**What you need to do**
Every line below that holds the string "Picture" should be copied.

**Dataset excerpts**

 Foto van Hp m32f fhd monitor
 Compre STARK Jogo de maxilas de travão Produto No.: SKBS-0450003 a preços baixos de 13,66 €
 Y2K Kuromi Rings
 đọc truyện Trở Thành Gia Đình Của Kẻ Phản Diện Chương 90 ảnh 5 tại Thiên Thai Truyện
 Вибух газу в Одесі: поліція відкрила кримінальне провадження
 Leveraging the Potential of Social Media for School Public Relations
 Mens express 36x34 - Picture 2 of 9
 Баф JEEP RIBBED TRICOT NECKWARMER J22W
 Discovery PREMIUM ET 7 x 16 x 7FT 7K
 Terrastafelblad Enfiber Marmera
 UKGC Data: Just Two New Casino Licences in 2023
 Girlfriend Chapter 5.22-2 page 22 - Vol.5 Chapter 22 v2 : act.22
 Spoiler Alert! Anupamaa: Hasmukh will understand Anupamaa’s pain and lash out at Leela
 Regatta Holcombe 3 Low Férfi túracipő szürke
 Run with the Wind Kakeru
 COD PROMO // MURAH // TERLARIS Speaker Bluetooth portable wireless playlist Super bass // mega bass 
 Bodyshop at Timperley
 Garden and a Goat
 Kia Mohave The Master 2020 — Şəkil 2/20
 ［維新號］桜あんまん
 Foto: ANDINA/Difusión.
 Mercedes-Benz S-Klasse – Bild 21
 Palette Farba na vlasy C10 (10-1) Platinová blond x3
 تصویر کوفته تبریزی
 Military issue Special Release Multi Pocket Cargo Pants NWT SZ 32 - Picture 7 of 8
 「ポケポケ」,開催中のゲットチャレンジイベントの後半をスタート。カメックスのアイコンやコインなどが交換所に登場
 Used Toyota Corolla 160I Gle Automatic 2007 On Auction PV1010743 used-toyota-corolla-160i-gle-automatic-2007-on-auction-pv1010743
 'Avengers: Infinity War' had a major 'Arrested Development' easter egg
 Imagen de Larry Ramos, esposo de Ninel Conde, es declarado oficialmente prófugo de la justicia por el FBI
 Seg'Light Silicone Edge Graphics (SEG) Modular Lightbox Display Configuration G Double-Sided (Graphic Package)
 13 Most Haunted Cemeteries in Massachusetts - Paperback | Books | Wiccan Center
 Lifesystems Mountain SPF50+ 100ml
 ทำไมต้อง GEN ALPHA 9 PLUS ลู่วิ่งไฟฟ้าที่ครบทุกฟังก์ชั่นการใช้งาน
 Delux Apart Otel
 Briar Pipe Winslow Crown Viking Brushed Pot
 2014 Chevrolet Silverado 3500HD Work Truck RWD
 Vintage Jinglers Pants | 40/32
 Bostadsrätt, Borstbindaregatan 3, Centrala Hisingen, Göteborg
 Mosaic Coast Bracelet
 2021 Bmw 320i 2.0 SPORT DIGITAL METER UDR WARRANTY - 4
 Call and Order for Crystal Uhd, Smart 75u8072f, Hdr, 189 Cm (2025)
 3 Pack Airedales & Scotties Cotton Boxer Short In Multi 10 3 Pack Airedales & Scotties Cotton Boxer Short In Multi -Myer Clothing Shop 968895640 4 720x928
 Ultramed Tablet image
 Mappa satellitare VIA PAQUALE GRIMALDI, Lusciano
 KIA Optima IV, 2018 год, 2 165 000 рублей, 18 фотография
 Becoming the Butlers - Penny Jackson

**Your solution**
 Mens express 36x34 - Picture 2 of 9
 Military issue Special Release Multi Pocket Cargo Pants NWT SZ 32 - Picture 7 of 8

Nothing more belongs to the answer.